Deploy a Microsoft Purview account

Completed

You've been requested by Fabrikam to deploy a Microsoft Purview account to their Azure environment to create a proof of concept. In this unit, we'll cover configuration settings, account concepts, and key considerations for deployment.

Microsoft Purview account name

The Microsoft Purview account name is used to programmatically access the Microsoft Purview account and can't be changed. The name of your Microsoft Purview account must follow these rules:

  • Globally unique - no other account can have this name
  • Can contain only letters, numbers and hyphens
  • The first and last characters must be a letter or number
  • Spaces aren't allowed

Screenshot showing the create Microsoft Purview account window, with the account name box highlighted.

But don't worry if the name you want isn't available. Your Microsoft Purview account can also have a friendly name that can include spaces and doesn't need to be globally unique. The friendly name can be added after the account is created, and will be the name displayed inside the Microsoft Purview governance portal, while the original account name will still be used to access the account programmatically.

Managed resources

Microsoft Purview creates a storage account as a managed resource within the same subscription as the Microsoft Purview account. This resource is required to support enhanced security features during scanning.

  • The name of the managed resource group will be autogenerated but can be changed during the Microsoft Purview account creation process.
  • The names of the storage account will be autogenerated during account creation and can't be changed.

Screenshot showing the create Microsoft Purview account window, with the Managed resources section shown, and the managed resource group name box highlighted with the default name included.

Microsoft Purview Data Map

The Microsoft Purview Data Map provides the foundation for data governance and discovery in Microsoft Purview. The data map captures and organizes metadata from your data landscape so you can know what kind of data you’re storing and where.

The data map is automatically kept up to date with built-in scanning and classification, and it provides an interface that business users and developers can configure together to make a useable environment to discover and manage data.

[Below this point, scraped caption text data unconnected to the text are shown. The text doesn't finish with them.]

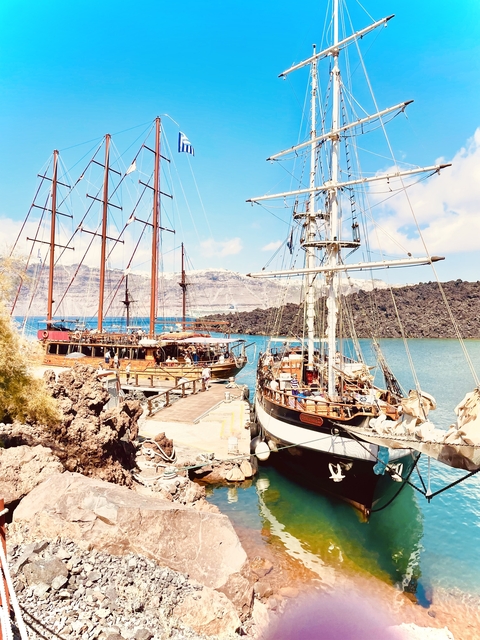 Wooden sailing ships docked at a harbor with a rocky backdrop.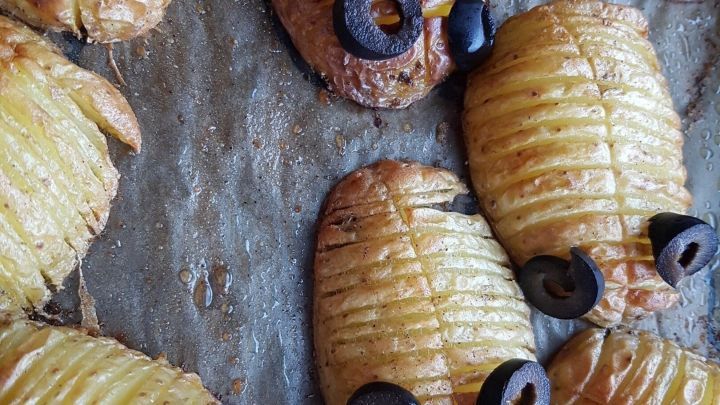Hasselback-Kartoffeln liegen gebacken auf einem Blech, dekoriert mit Oliven, die wie K&auml;fer-Augen aussehen.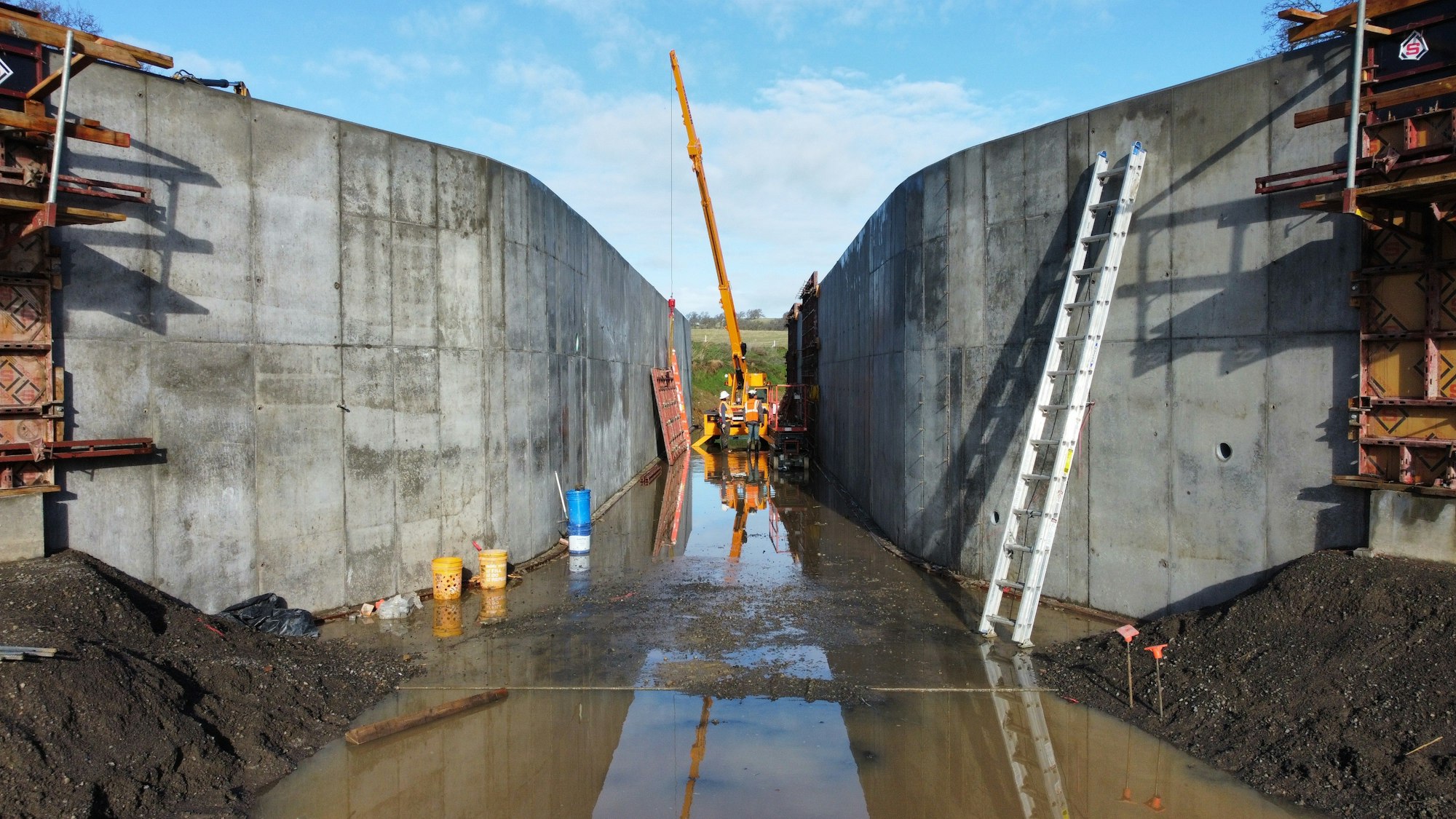 A construction site with a crane between concrete walls, ladders, and equipment, with water on the ground.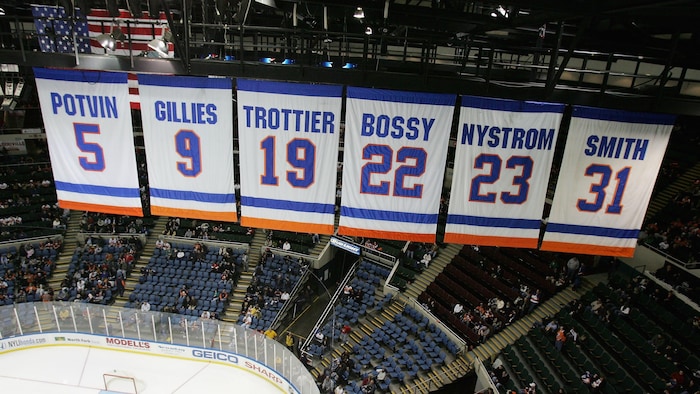Des bannières avec des numéros et des patronymes de joueurs de hockey sont hissées au plafond d'un amphithéâtre.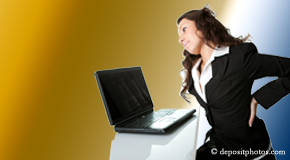a person Murfreesboro bending over a computer holding her back due to pain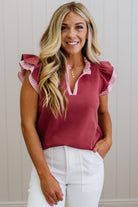 Blonde woman wearing a Striped accent Frill Split Neck Scuba Top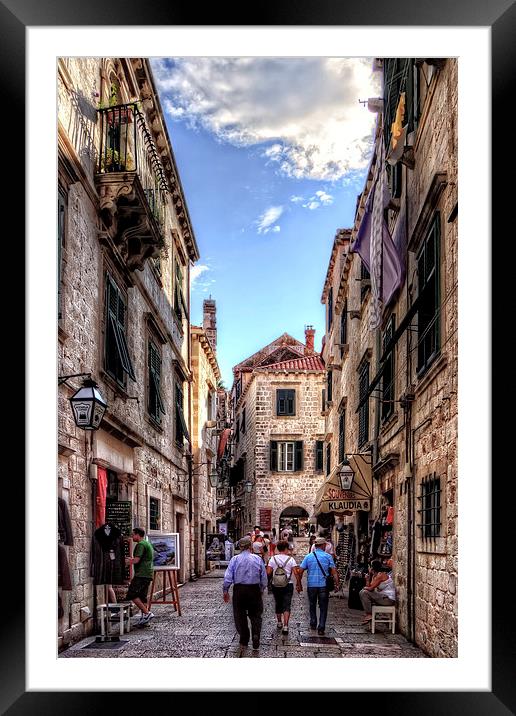 Exploring Dubrovnik Framed Mounted Print by Tom Gomez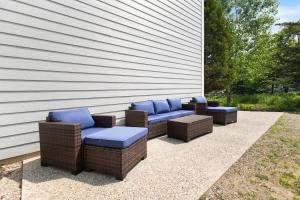 a group of wicker chairs with blue cushions on a patio at Sandy Shores in South Haven +34 photos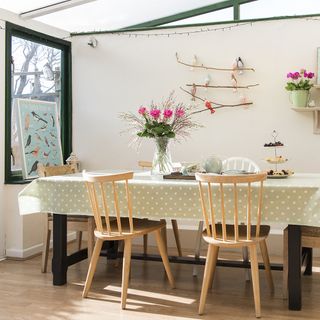 dining room with white wall and wooden flooring with dining table and wooden chair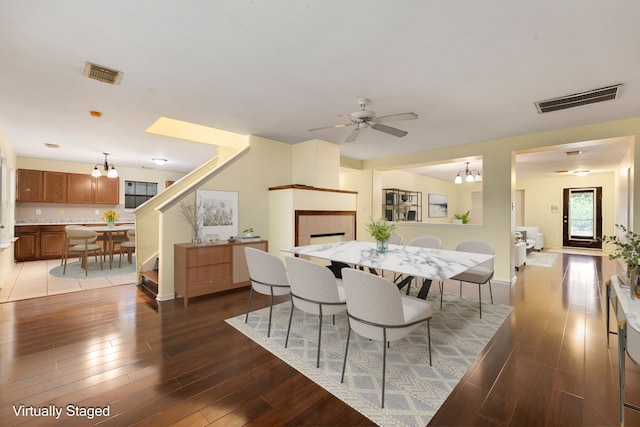 dining area with hardwood / wood-style flooring, ceiling fan with notable chandelier, and a tile fireplace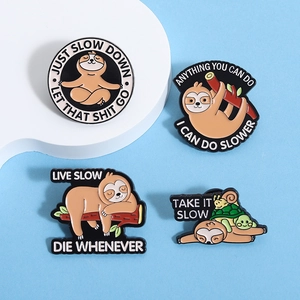 Close-up of four enamel sloth pins featuring humorous lifestyle quotes on blue background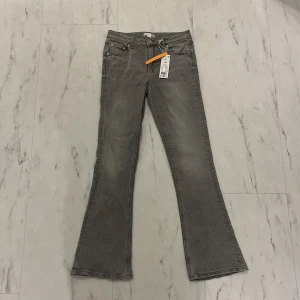 Grå bootcut jeans från Gina Tricot - Säljer ett par snygga grå bootcut jeans från Gina Tricot i storlek 164. Helt oanvända med prislapp kvar, byxorna är från gina young avdelningen, skulle kalla dem mid waist men kan oxå ses som low!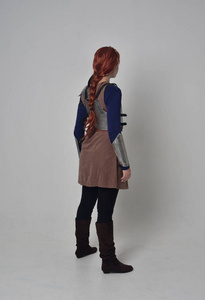 一个穿着中世纪战士服装和钢甲站立姿势的红头发女孩的全长肖像，在灰色工作室背景下回到相机上。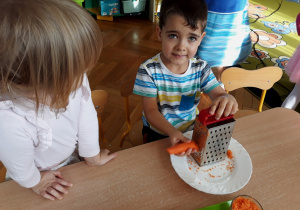 Dzieci ucierają marchewkę na tarce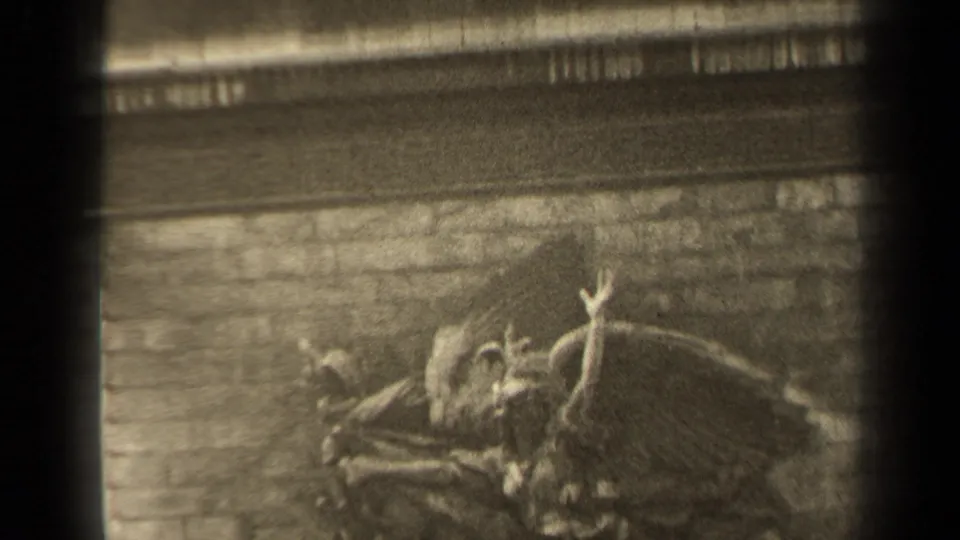 1947 Paris 8mm frame of the relief from a slightly shifted angle, showing the winged figure, raised arm, brick backing, and stone trim.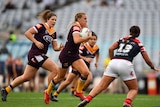 A player tucks the ball under her arm as she runs toward the tryline in an NRLW game.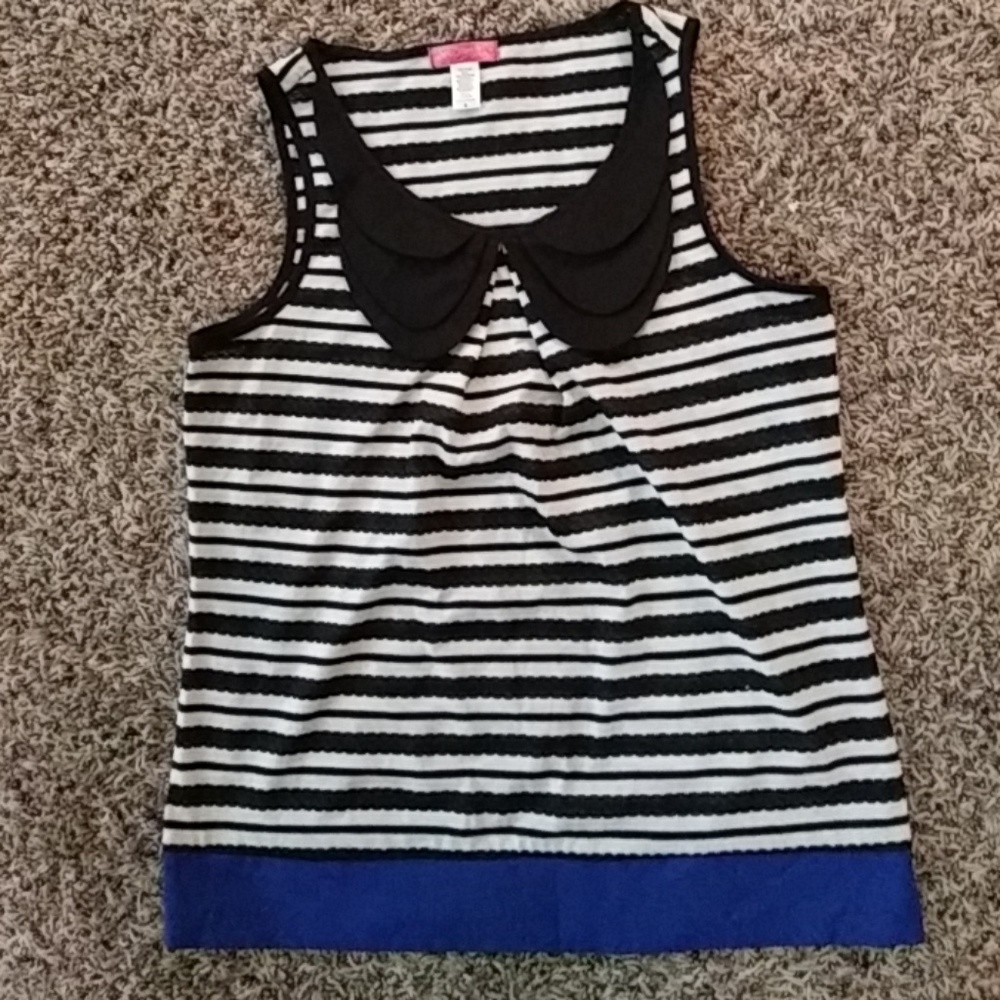 Black and white sleeveless top with ruffled neck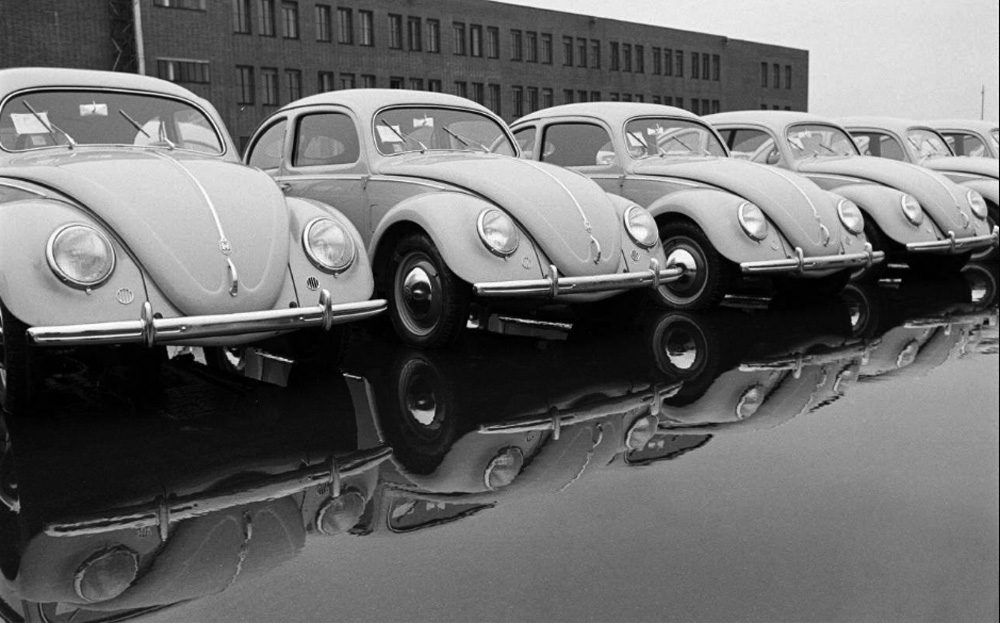 1951 Volkswagen export-model Beetles reflected in wet pavement outside the Wolfsburg administration building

The data map powers all of Microsoft Purview’s other applications by housing the information and providing access control.

Diagram showing the Microsoft Purview Data Map.

"The Data Map is at the top of the diagram, with on-premises, cloud, S A A S applications, and Power BI data flowing into the map. The data map information flows into collections. Collections are split into two parts: registered sources that contain assets (tables, files, etc.), and access control that contains users and groups assigned to roles."

Inside the data map you'll find collections, which serve two functions:

  • Data organization - collections organize sources (like SQL or storage accounts) and their assets (like tables and files) into customized groups that reflect your business structure.
  • Access control - groups and users are assigned to roles in collections that allow you to manage who has access to your resources and assets.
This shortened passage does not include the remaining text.